Closed cabouman closed 5 months ago

cabouman commented 3 years ago

Our new default parameter generate reasonable reconstructions, which is great. But in my experience, the default parameters tend to be consistently too blurry.

I propose the following changes to the defaults:

In auto_sigma_x change: sigma_x = 0.1 * sharpness * np.average(sino, weights=indicator) / (num_channels * delta_channel) to sigma_x = 0.2 * sharpness * np.average(sino, weights=indicator) / (num_channels * delta_channel)

And in auto_sigma_y change: def auto_sigma_y(sino, weights, snr_db=30.0): to def auto_sigma_y(sino, weights, snr_db=35.0):

This will increase the sharpness a bit, and also increase the assumed default SNR.

Please give feedback. Charlie

sjkisner commented 3 years ago

Charlie, What data have you experiment with? The TEM results are on the noisy side with the original defaults.

cabouman commented 3 years ago

Not much, so I defer to your input. So maybe the snr_db=30 is fine. Should we change the scaling for sigma_x, or is that fine too?

BTW, you are doing limited tilt angle/sparse view, so that might be a little different.

sjkisner commented 3 years ago

Yes, the TEM data is sparse and limited angle so it's a more extreme case. I just wouldn't rely too heavily on the demo data because it's noiseless and was generated with the same forward model. We have another small microCT data set that we can test, and I'll try on some of the newer nano-CT data from AFRL.

cabouman commented 3 years ago

OK, I have a wild idea. What if we change auto_sigma_x from: sigma_x = 0.1 *sharpness * np.average(sino, weights=indicator) / (num_channels * delta_channel) to sigma_x = 0.2 * (2**sharpness) * np.average(sino, weights=indicator) / (num_channels * delta_channel)

Then sharpness takes any real value with

The problem with the current sharpness is that you have to keep doubling it, and I'm also afraid people will set it to be less than zero and get screwball results.

sjkisner commented 3 years ago

I like the +/- range for sharpness.

cabouman commented 3 years ago

OK, I made two big changes.

Now the default value is sharpness=0.0.

I changed the meaning of the sharpness parameter in auto_sigma_x by putting in: sigma_x = 0.2 * (2**sharpness) * np.average(sino, weights=indicator) / (num_channels * delta_channel)

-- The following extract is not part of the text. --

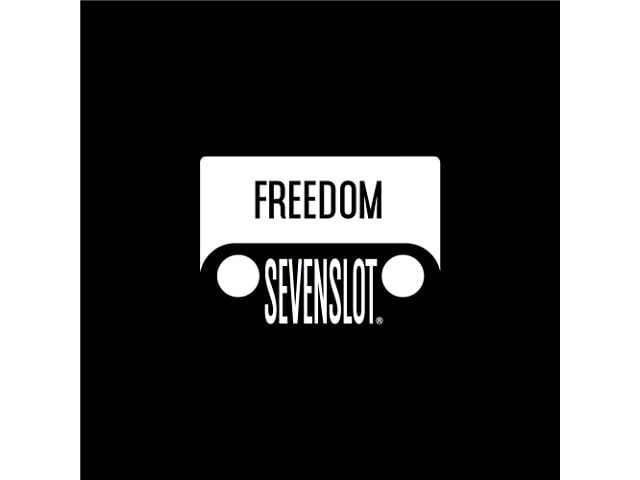 Seven Slot Freedom Jeep Grille Spare Tire Cover; Black (66-18 Jeep CJ5, CJ7, Wrangler YJ, TJ & JK)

And I changed the auto_sigma_y routine to better handle resolution scaling by putting in: sigma_y = rel_noise_std * signal_rms * (delta_pixel / delta_channel)

So now the default value of sharpness=0.0, and hopefully, this will provide better parameter estimates for different reconstruction resolutions.

cabouman commented 3 years ago

Please give feedback on the default parameter estimates.

Remember, sharpness=0.0 is now the default regularization.

cabouman commented 3 years ago

I propose we have two basic parameters for controlling regularization:

sharpness [default 0.0]: Controls the overall regularization level edginess [default 0.0]: Controls the sensitivity to edges

The value of sigma_x is already set, and T can be set by

T = 2**(-edginess-sharpness)

The advantage of this is that as you raise sharpness, the united value of the threshold T \sigma_x will remain constant.